Misalliance and No-No Boy

I had the opportunity to see the play Misalliance by Bernard Shaw at The Pearl Theatre earlier this week. Although I’ve heard the name “Bernard Shaw” before, I did not know anything about him. I had know idea what to expect from this play.

Halfway through the first act I wasn’t happy about where I thought the play was going. It seemed very old, even Victorian. All the characters seem to have been introduced and the biggest conflict was engagement between the daughter of a rich (middle-class) family and the son of a rich (upper class) father. Not only did I find the premise uninteresting, but the poor (working class) did not seem to exist (except that someone had to be working in the middle-class father’s factory).

My disinterest turned to aversion when the characters suggested that Lord Summerhays, who had been the governor of a far-off colony “Jinghiskahn”, should be asked to govern domestic affairs in England. How naive can this play be?

Just before the curtained dropped on the first act, though, something unexpected happened. A man dressed all in black walked onto the empty stage carrying a gun. That was all, then the lights dimmed and it was intermission.
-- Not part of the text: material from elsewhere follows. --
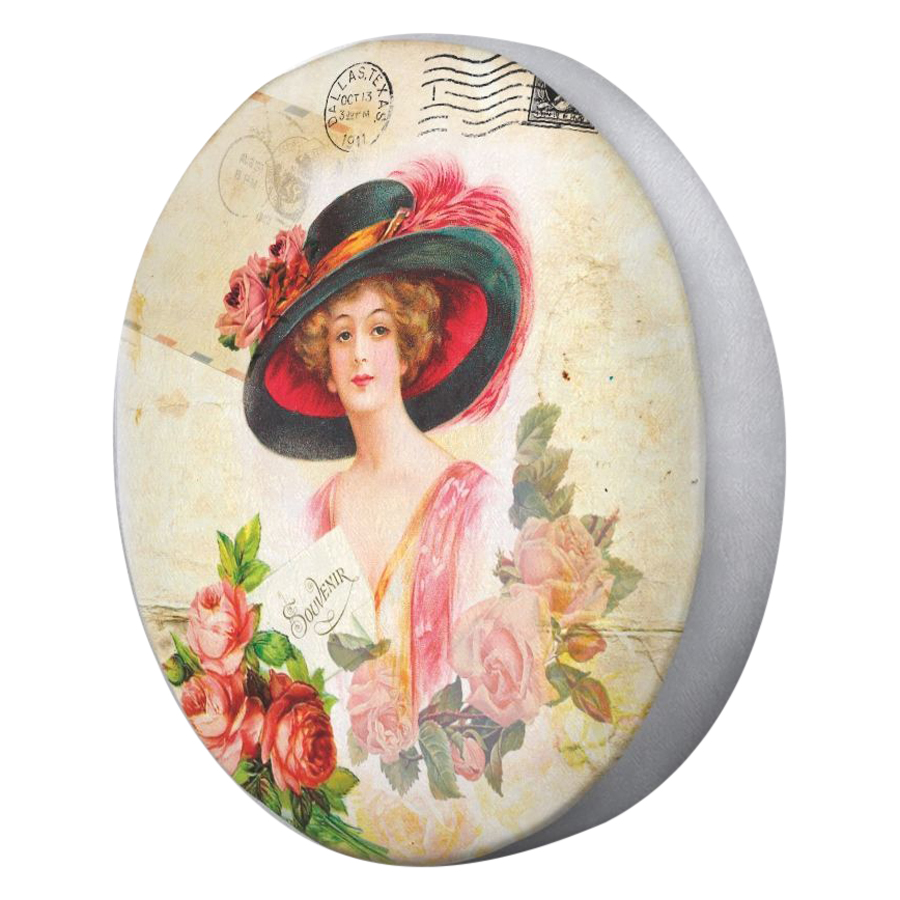 Gối tròn Cô gái đội nón Souvenir - GOVT023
I asked my friend who had brought me to the play for a little background on Bernard Shaw. What time period was he from? And was this play of its time?

She informed me that Shaw had had a very long career but this play had probably been written in the late 1910s or early 1920s. And yes it was of its time.

I commented that its views on imperialism and class seemed to be very dated. But then the lights came back on and the second act began.

Indeed the play was written around the turn of the century and the first act was thoroughly Victorian. But in the second act, the 20th century had begun. The man in black carrying a gun was one of the poor (working class) and he intended to murder the patriarch of the rich (middle class) family. As the drama played out my heart was torn open. This man’s mother had worked in the underwear factory and had been sexually harassed by the owner. It was many years later and she had passed way. Her son was going to get justice.

Of course, he couldn’t do it. His gun was taken by Lina Szczepanowska, the independent, Polish acrobat. Then the man was disgraced by the rest of the cast and forced to sign a false document. When asked what he would do to this sort of man in “Jinghiskahn”, Lord Summerhays gave a disturbing speech that sent chills down my spine:

“Well, since you ask me so directly, I’ll tell you. I should take advantage of the fact that you have neither sense enough nor strength enough to know how to behave yourself in a difficulty of any sort. I should warn an intelligent and ambitious policeman that you are a troublesome person. The intelligent and ambitious policeman would take an early opportunity of upsetting your temper by ordering you to move on, and treading on your heels until you were provoked into obstructing an officer in the discharge of his duty. Any trifle of that sort would be sufficient to make a man like you lose your self-possession and put yourself in the wrong. You would then be charged and imprisoned until things quieted down.”

The man replies that such behavior is scandalous. Lord Summerhays adds, “Precisely: that’s all anybody has to say to it, except the British public, which pretends not to believe it.”

Then everything was turned on its head. The man was taken under the care of the rich (middle class) matriarch and we hear no more about socialism. Instead, the play becomes concerned with the mating of the two unwed women: Hypatia, the rich (middle class) daughter and the independent, Lina. I wasn’t sure if Lina was upper, middle, or lower class. She was an acrobat, an entertainer. So she worked for a living, but I think the idea was that she was outside the box. This is similar to Paul Fussell’s idea of an x-class.

I thoroughly enjoyed the play. The direction and acting were moving. The play itself brought up so much and showed how little has changed in a hundred years.

But I was left wondering at the audience’s reaction to the ideas presented. Lina’s monologue about the role of women in society and her refusal to marry received cheers from the audience. But the socialist ideas expressed by the poor man were not cheered. Instead it seemed that the man was the butt of some joke. Was that Shaw’s intention? Or was this the “misalliance”?

The play really got me thinking. The socialist in the play was confused about what he wanted. Which is why he allowed himself to be whisked away by the matriarch for tea and cake. But I don’t want tea and cake with rich people, even though I don’t know exactly what I want.

What is my intention? When I step onto the stage with the rich (middle class) and the rich (upper class), do I want to have a gun with me? Am I seeking justice? Revenge? Wealth?

With these questions in mind, I started reading a new novel: No-No Boy by John Okada. The main character, Ichiro, refused to join the Army during WWII because the government had put his parents into internments camps. When the judge asked him to enlist, Ichiro told the judge he would join up if the judge would make sure that his father and his mother were in the same camp. The judge said he could not do that. Ichiro said he could not join the Army and went to prison for two years.

I don’t know if this book will have the answers, but at least the author is asking the questions.